Just a side note, but I always wonder how many “programmers” just follow AI suggestions blindly and apply them to their code without any additional consideration or even testing .
I maintain that we use autoincrement where we need it and nowhere else.
Not really, I believe. We use it in a couple of places where performance absolutely won’t matter, and the one that could matter (updating file entries) it’s correct imho because we need a new sequence entry (a required use of auto increment…). The mtime update could in fact be rewritten as an update, but there are no triggers involved there and it only kicks in under specific circumstances.
Yeah. This one seemed the most promising to me, but it benchmarks no difference on at least my computer.
If the AUTOINCREMENT keyword appears after INTEGER PRIMARY KEY, that changes the automatic ROWID assignment algorithm to prevent the reuse of ROWIDs over the lifetime of the database. In other words, the purpose of AUTOINCREMENT is to prevent the reuse of ROWIDs from previously deleted rows.
Yes, precisely that is an essential property.
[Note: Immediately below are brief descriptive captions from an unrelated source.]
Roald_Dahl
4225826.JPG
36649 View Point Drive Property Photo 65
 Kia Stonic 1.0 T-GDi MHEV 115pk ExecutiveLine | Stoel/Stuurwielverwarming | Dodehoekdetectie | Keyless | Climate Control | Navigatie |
Sequence numbers must be strictly monotonically increasing.
(It is not as essential for folder and device IDs, but it makes it nicer for humans and there are typically <10 inserts in those tables over the lifetime of a Syncthing install…)
My apologies for any frustration caused. I wasn’t suggesting there were issues with our schema or code. I asked to illicit a discussion to gain a better understanding of our schema and design decisions, and maybe squeeze out a smidge more performance, if possible.
But based on everyone’s feedback, it seems the only real takeaway is we can avoid extra roundtrips using WITH. For example:
insertFileStmt, err := txp.Preparex(` INSERT OR REPLACE INTO files (...) VALUES (?, ?, ?, ?, ?, ?, ?, ?, ?, ?) RETURNING sequence `) if err != nil { return wrap(err, "prepare insert file")} insertFileInfoStmt, err := txp.Preparex(` INSERT INTO fileinfos (sequence, fiprotobuf) VALUES (?, ?) `)
in folderdb_update.go could become
WITH ins AS ( INSERT OR REPLACE INTO files (...) VALUES (?, ?, ?, ?, ?, ?, ?, ?, ?, ?) RETURNING sequence)INSERT INTO fileinfos (sequence, fiprotobuf)SELECT sequence, ? FROM ins;
I will submit a PR, if that’s of interest. That appears to be the only place we use RETURNING.